Exercise: Pictures stay out of the copy. Retype exactly the lines below from the one with "someplace in time" through the one with "Miniatura 12 de".

Materials provided:
↓↓↓
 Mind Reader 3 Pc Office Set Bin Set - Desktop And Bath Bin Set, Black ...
↑↑↑
↓↓↓
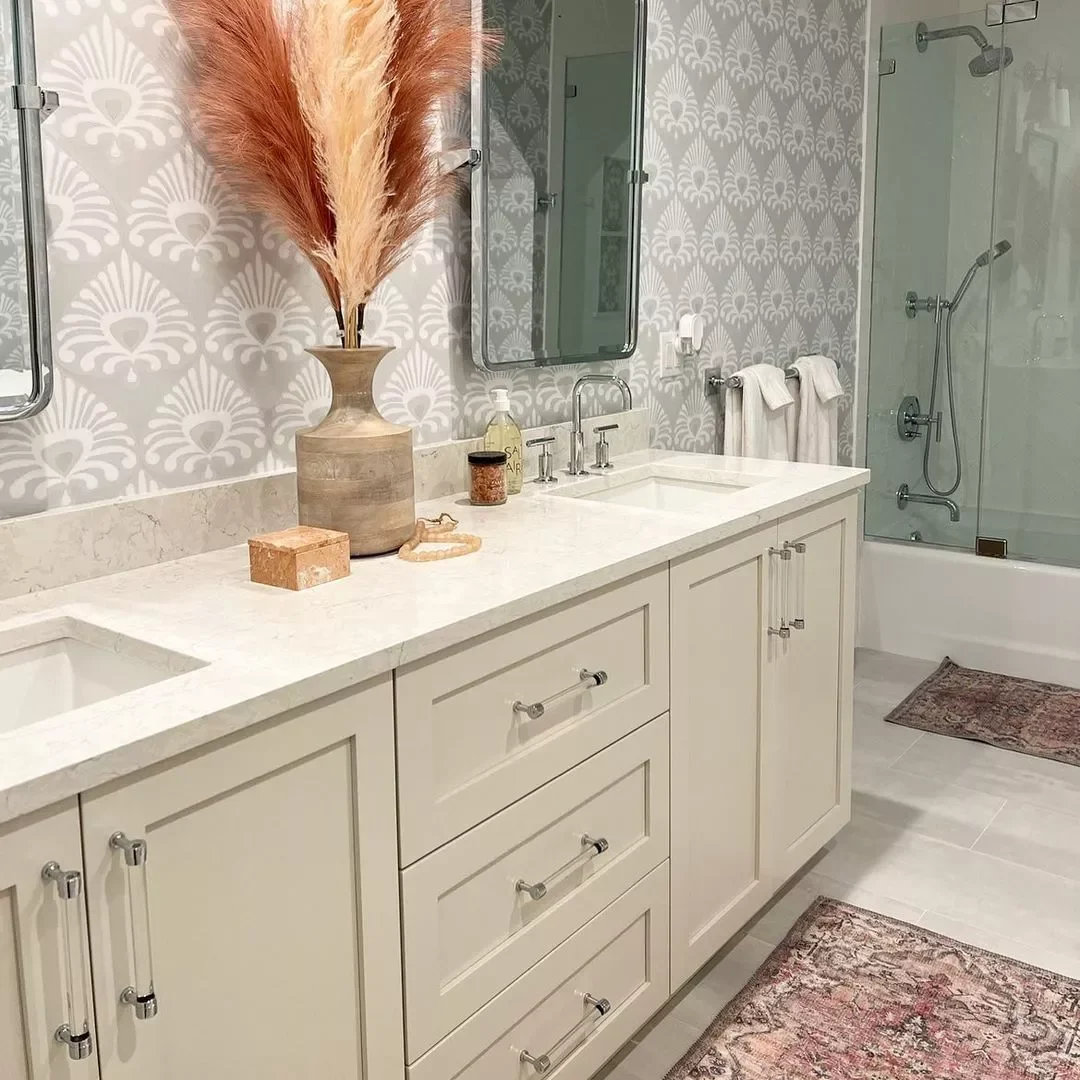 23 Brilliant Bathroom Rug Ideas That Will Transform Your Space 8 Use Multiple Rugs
↑↑↑
↓↓↓
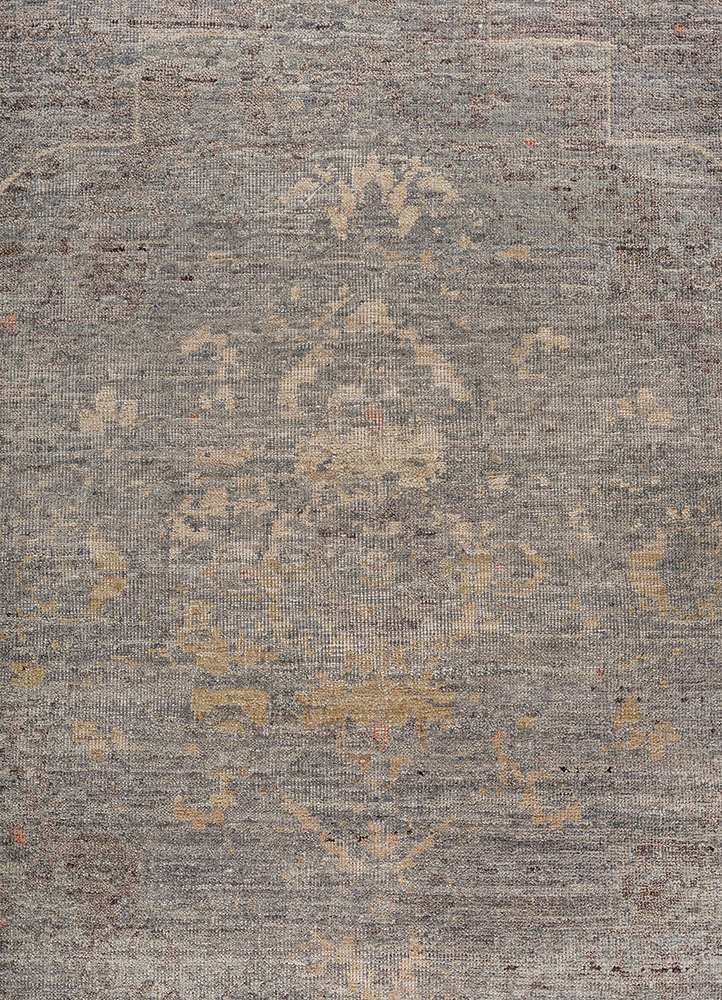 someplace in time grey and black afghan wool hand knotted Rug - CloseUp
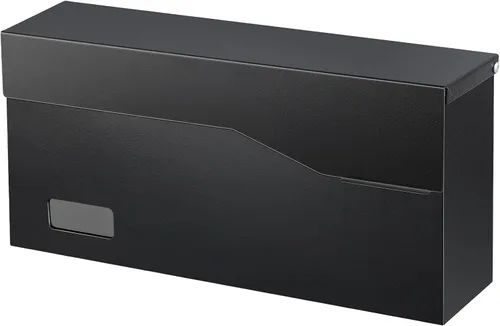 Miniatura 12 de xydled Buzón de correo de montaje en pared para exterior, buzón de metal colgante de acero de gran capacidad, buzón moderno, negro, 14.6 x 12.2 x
↑↑↑
Exercise output:
 someplace in time grey and black afghan wool hand knotted Rug - CloseUp
 Miniatura 12 de xydled Buzón de correo de montaje en pared para exterior, buzón de metal colgante de acero de gran capacidad, buzón moderno, negro, 14.6 x 12.2 x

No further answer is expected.